When Hult Boston BBA student Annel Camacho started looking for a summer internship, she had one clear goal: find something in real estate. She’d spent her gap year working in housing before college, and she knew that world suited her.
What she didn’t expect was to land a role on the Global Real Estate team at BCG—one of the most competitive consulting firms in the world, and spend 14 weeks automating processes her team had been doing by hand for years.
We caught up with Annel to find out how she got there, what she built, and what she’d tell other Hult students who are just starting their internship search.
Hult: How did you find the role and decide to apply?
Annel: I was mainly looking for something in real estate. A friend had interned at BCG the summer before, so I went to see if they had anything relevant. I came across this opening with their global real estate team here in Boston. It was commercial real estate, more focused on office spaces, which was different from my gap year experience, but it still fell under that umbrella. And the role had a data analytics component, which lined up with my major. It felt like a good fit, so I applied.
H: Walk us through the interview process.
A: It was a few rounds. The first was a 30-minute call with Maria from HR. She went through my work experience and the projects I’d done at Hult. Then she passed resumes to my now-manager, Bethany, who interviewed around 20 people at that stage. After that, a colleague named Sarah interviewed just three of us in the final round. It was more technical, as well as behavioral. Maria called me with the offer shortly after. It was a huge moment.
H: How did the Hult careers team support you?
A: Honestly, they were involved well before I even applied. My careers advisor had helped me work on my resume months earlier—we met one-on-one, not just in a group session. So, by the time I sent my application, that was already sorted.
When I got the first interview email, I messaged my advisor right away. She sent me a full resource pack—everything they could possibly ask. I went through every single point. Going into the calls, I wasn’t nervous at all. And I think that confidence made a real difference.
H: How did the Hult curriculum prepare you for the role?
A: My business analytics course was the most directly useful. I’m dealing with a lot of data in this role, and we learned Python in a really practical way, not just the technical side, but how to actually apply it. I’ve been using it almost every day.
I’m also a transfer student, so I came to Hult with three years of college already done. But I was surprised by how much the core modules packed in. Things I’d picked up slowly through leadership roles and different experiences elsewhere, Hult covered them in a much more structured way.

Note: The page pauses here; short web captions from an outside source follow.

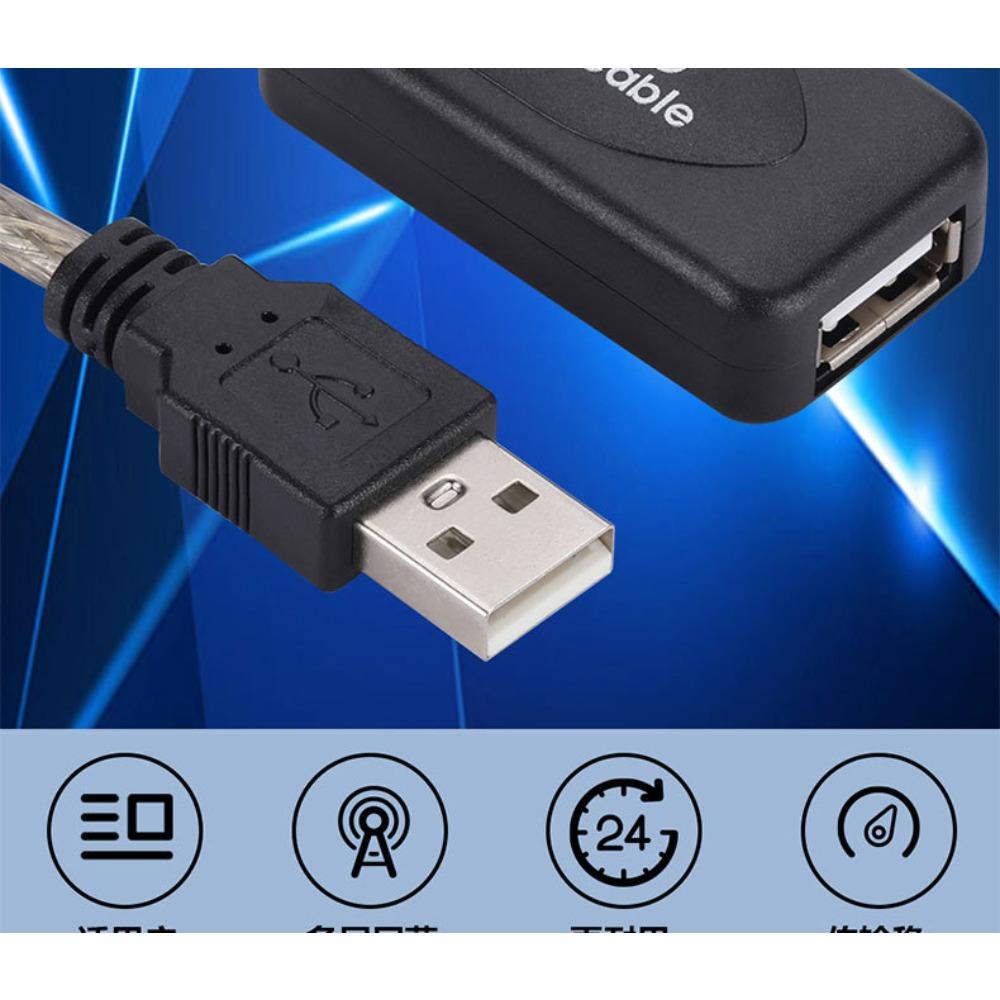 USB 2.0 Extension Cable 5m 10m 15m Male To Female Data Cable for Wireless Network Card Signal Booster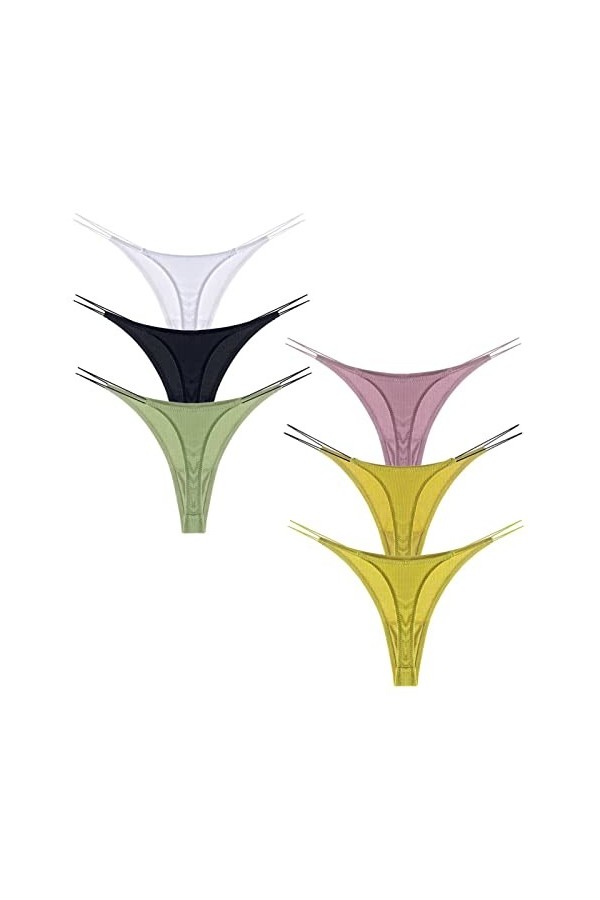 Quatre Saisons Tongs en Coton for Femmes Sexy sous-vêtements sans Couture G String Taille Basse T-Back Culotte 6 Paquets Ense
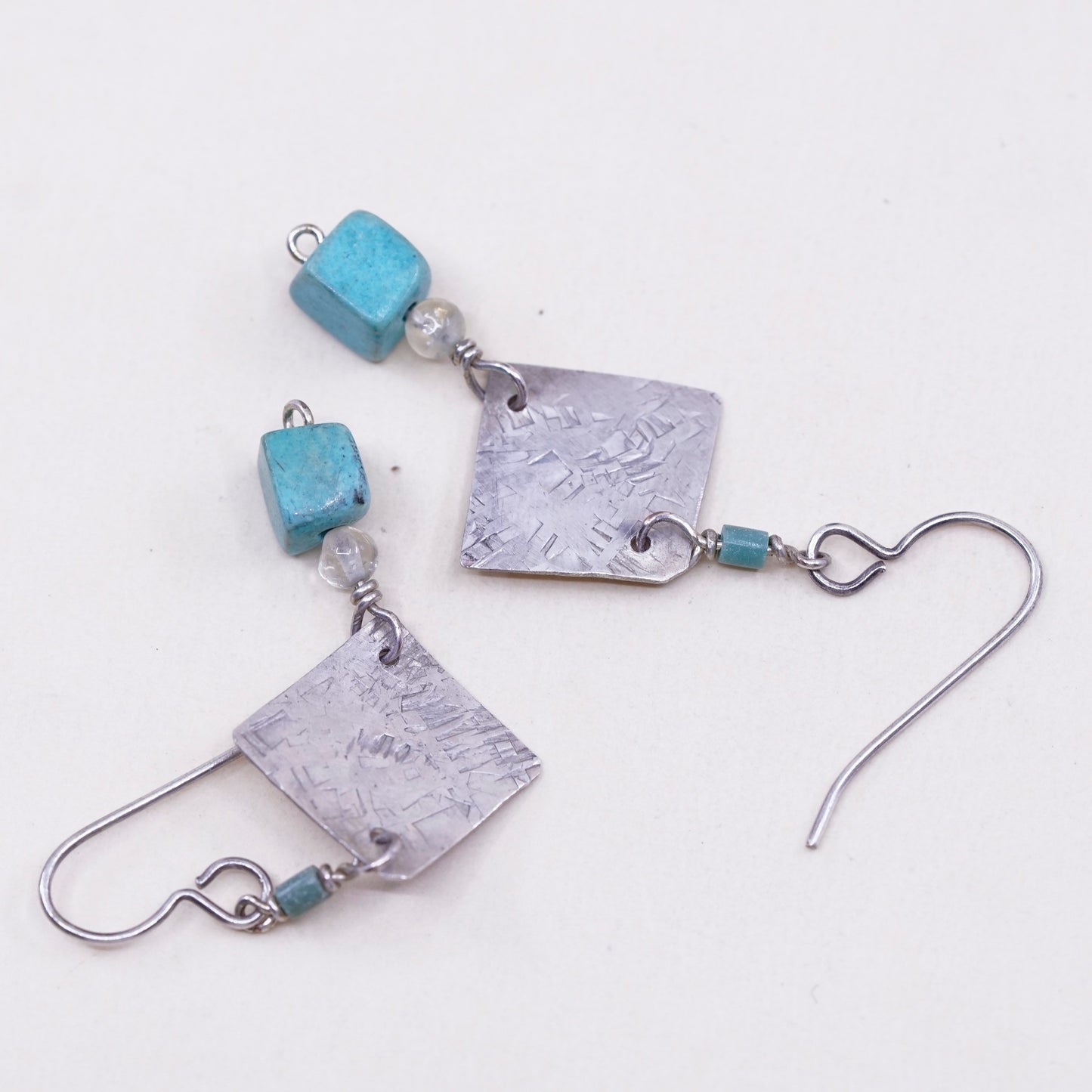 Vintage Sterling 925 silver handmade tag earrings, with cube turquoise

H: Tell us about your biggest win at BCG.
A: The Python script. Every week, we needed to send personalized data updates to over 100 offices around the world, twice a week, for three weeks. The role was designed for an intern to do it manually: take the template, pull the data, send each one individually.
I looked at it and thought there had to be a faster way. So, I wrote a script to automate the whole process. What my manager thought would take three days took me a few hours to write and debug. They asked me to save it and write a manual before I left so the team could keep using it.
H: What was the hardest part?
A: Feeling like my questions were too simple. I’d ask something and wonder if I should already know the answer. But a lot of it was just internal shorthand the team had built up over years; things like office names being written differently across documents. There was no way I could have known any of it walking in. Eventually I realized: just ask. The questions that feel obvious are often the ones nobody else has thought to raise.
H: What’s your biggest takeaway from the experience?
A: Learning everyone’s story. I had coffee chats with as many people on my team as I could—asking about their degree, their first job, how they got to where they are. One colleague graduated during the 2008 recession. His advice was to broaden your approach: help where you can, meet people, don’t be too fixed on one specific path. That stuck with me, especially right now.
H: What advice would you give to other Hult students looking for internships?
A: Two things. First, talk about your international experience. It’s so natural to us that we forget to mention it. But working across cultures, navigating different communication styles, being comfortable with people from completely different backgrounds: that’s a real skill. My role connects Boston with London, India, and offices across Europe and Asia. I talked about that in every interview, and it landed.
Second, don’t underestimate company culture fit. Part of the reason I got this role is that they felt I’d be a good social fit with the team. Hard skills matter, but so does the energy you bring. Find a company whose values actually match yours.
H: Any final thoughts?
A: Keep in contact with the people you meet. A lot of people on my team got their current roles through someone they’d worked with before. Your network doesn’t stop when the internship does. And for students at Hult Boston especially, look at the broader alumni network too, not just undergrad. People who did their master’s here, people who studied in Boston. Those connections are there. Use them.
Annel’s story is a reminder that the skills you build at Hult—technical, cultural, interpersonal—are the ones that get you in the room. And once you’re there, it’s up to you what you do with them.